Image from offwestend.com

The London premiere of Neil Simon’s hilarious farce is a triumph. Bursting at the seams with top quality comic timing, some great acting performances and a spot on period feel make this a great way to brighten up an evening.

I have a confession – I lived two minutes away from the Hen & Chickens for six months and never went to a play there. The friend that I dragged along last night shares a wall with the back of the theatre, and can hear the clapping from her bed. She worries that sometimes when she’s getting ready to go out the audience can hear her music (and apologises if they do…). She had also never been until last night. On top of this, the theatre (which seats 54 according to Time Out London) was half empty.

Why do so many great venues, with productions bursting with talent, fail to attract full houses? Tickets were only £12/£10 – less than I’d have spent on  pints of cider had I spent that hour and forty minutes in the pub downstairs. Are people scornful of pub theatre, thinking that productions won’t be of good quality? Are they poorly marketed? The production of La Boheme that I saw down the road at the King’s Head Theatre in April was packed – and the content there (a modern take on opera) was much more esoteric than this snappy, broadly-appealing farce set in eighties Oxford. Obviously marketing budgets are tight for these small productions, the actors mostly have full time jobs to go to, and little shows don;t have the tourist appeal of West End long runners, but surely there are enough locals (or just Londoners) to fill these places each night? I am seriously puzzled about this – if anyone has any insight/answers please leave a comment below.

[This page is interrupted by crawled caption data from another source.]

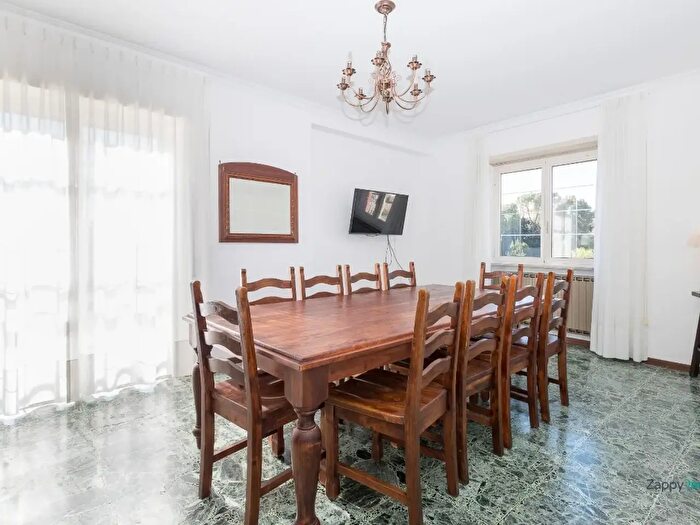 Appartamento quadrilocale in affitto in Via Goffredo Mameli, Monterotondo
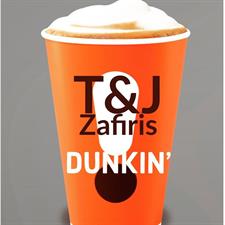 T&J Zafiris, Inc. dba Dunkin'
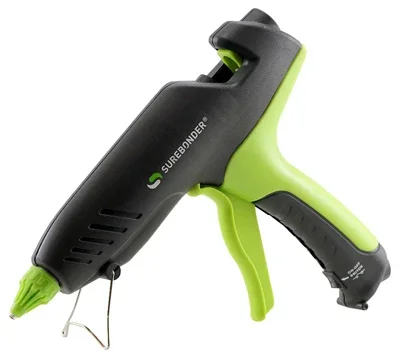 Professional Glue Gun, High-temp, 100-watt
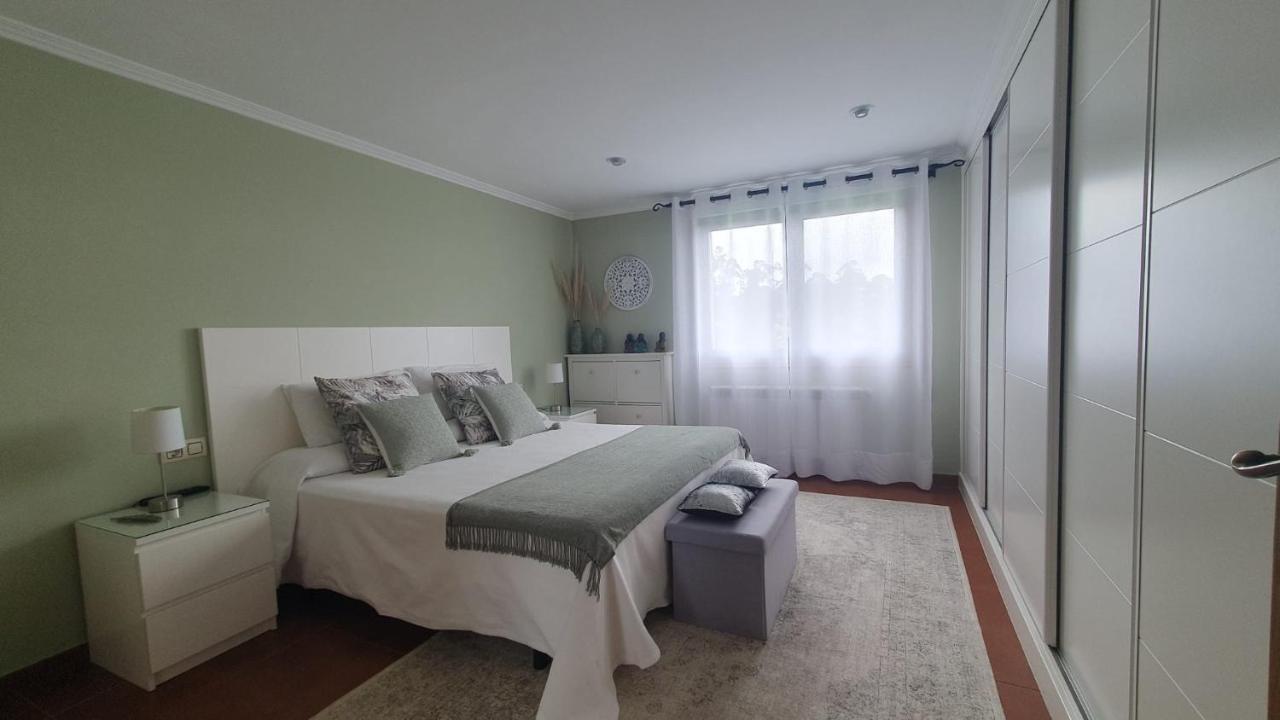 A Cachada De Dorron Villa Sanxenxo Eksteriør billede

Anyhow, back to the play. It is a joint effort from RoAm Productions (debut) and the Madison Theatre Company. Many of the members of the cast were founders of the theatre companies, and their commitment to the show’s success showed in their performances. Neil Simon’s play provided some great material to work with – having never been produced in London before it was also certain to be fresh material to the audience. He’s a prolific playwrite, having written screenplays for Sweet Charity and Barefoot in the Park (two of my favourite films) aswell as numerous plays, for which he has been well rewarded on Broadway. See his Wikipedia entry here for more details. Rumours is a fast-paced, hilarious romp of a farce. This production has moved the action from New York to Oxford, but does not show any signs of bad fit – the atmosphere of a nice country house in eighties Britain is perfectly rendered via the costumes, language, references (my favourites were to dresses for gala charity events – “is that Save the Whale?” was a classic.) and set, not to mention the fantastic wigs on the actresses. Great touches like this and the injection-moulded telephone that will be familiar to many who managed to live through a little of the decade will bring pangs of recognition (my Dad still has that phone on his desk to this day – they don’t make them like they used to!)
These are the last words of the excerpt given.